It was a canned drink 100 years in the making. Inspired by her pioneering great-grandfather, who established a ranch in far West Texas, Southern Methodist University graduate Katie Beal Brown is now putting her spin on her family’s staple drink: Ranch Water.
A long-time Texas classic, Ranch Water is a blend of tequila, Topo Chico, lime juice, and a splash of simple syrup—often described as a crude version of something that seemed half Tom Collins and half Margarita.
Brown and her husband, Tyler, went straight to Jalisco, Mexico, to find the perfect tequila and then spent the next two years working on how to make a hard seltzer version.
What was meant to stock shelves for six weeks sold out in a week, Brown said about the first distribution of the product.
“On the first day, I picked up the phone and called [a local retailer] just to see if anyone had been in to buy it. And they said, ‘We’ve had it for less than 24 hours, and it’s almost sold out,’” Brown told D CEO. “I could not believe it, because we had just been through such a wild ride to get it out there. But also, just the feeling that people, who we don’t know, are out there buying a product that we created.”
Since Lone River Beverage Company’s launched its Ranch Water in mid-April, monthly orders have increased 1,150 percent. Lone River has had to double orders to distributors every month since.
The sales “exceeded all expectations,” as the yearly projections were surpassed within the first three months, said Kevin Nettleton, general manager of Dallas-based Ben E. Keith’s specialty division.
Nettleton said when looking for new products to distribute, “it’s gotta be quality liquid, it’s gotta have impressive branding, and they have to have a good market plan. Lone River had all three of those.
“The market place is very crowded and so to create a point of difference between your brand to make it more visible than the other brands at retail, you need that point of difference, which was provided by unique branding with Lone River. The logo on the can and the color scheme is very, very Texan, and it stood apart,” he added.
After graduating from SMU, Brown moved out of state with her college sweetheart. Two things never changed: missing home and missing ranch water.

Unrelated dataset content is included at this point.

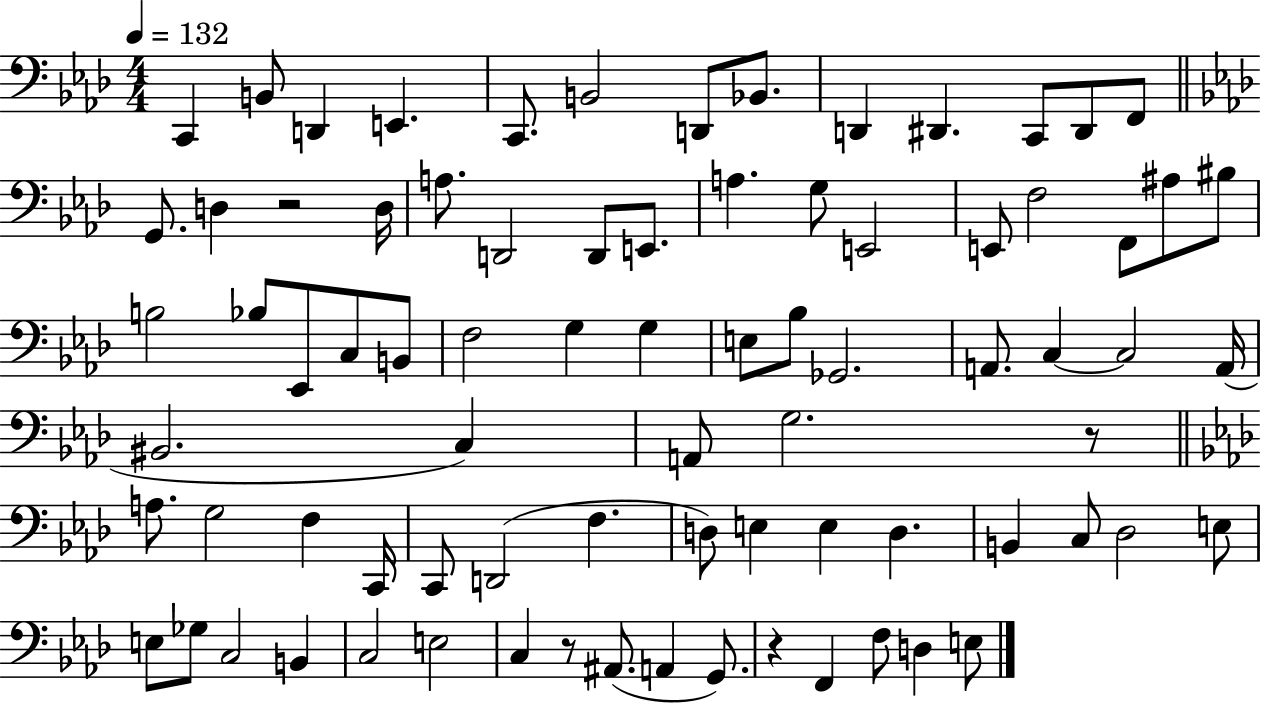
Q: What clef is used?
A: bass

“I kept grabbing for ranch water as a reminder of home, and I started introducing my friends to it. Everybody kept asking, ‘what is this, where does it come from?’ and all I knew was it was a reminder of home—almost a badge of Texan-ness,” she said.

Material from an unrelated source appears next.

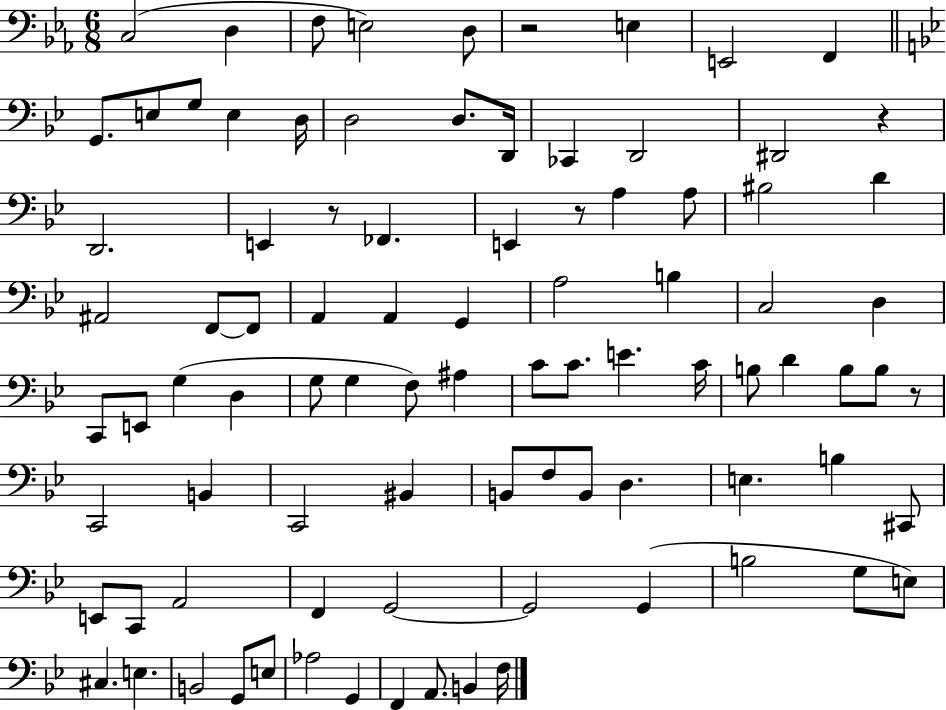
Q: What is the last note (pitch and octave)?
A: F3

That’s when Brown hit the books to learn about the history behind the drink, which she shares on the back of each can.
The process of developing and branding the drink was long, Brown said.
In 2017, while working for an advertising firm in New York City, a company-wide pitching competition to gain access to some of the top designers and strategists in the world was announced. Brown won—and so did canned ranch water.
“We were able to work with these incredible designers and strategists to bring this vision to life of a brand that celebrates far West Texas, the legend behind ranch water, and the original recipe,” she said.
When designing the branding behind Lone River’s ranch water, Brown said it was essential to ensure they carved out a point of differentiation in the hard seltzer category, which she said tends to be filled with mimicking bright, colorful pallets.
Instead, they draw inspiration from the natural elements found in far North Texas and a more masculine feeling with a white can and black stuccoed outlines of Texas, a longhorn, sunrise, and river wrapped on the exterior of the can.
“We wanted to use iconography to help visually tell the story behind our brand, and then behind our product itself,” said Brown.
The brand’s logo, a blended mix of a forked stick and a modernized cattle logo, represents the early way Texans used to find rivers—and the independence of the brand itself.
“With a lone river, you don’t have to adapt and do what everyone else is doing,” Brown said. “You can stand on your own. I think that’s very much the spirit of what we’re looking to do.”
Now, Lone River is adding to its signature brand with two new flavors: Rio Red Grapefruit and Spicy, both created in honor of the state fruit and state pepper.
Though hard seltzers are trendiest in summers, said Brown, they’re still hopeful for future growth. To date, Ranch Water has hit the top five hard seltzer brands in the state of Texas, but the goal, she said, is to make it in the top five regionally in terms of monthly sales volume, “and I would say in certain parts of Texas, we’re probably already there.”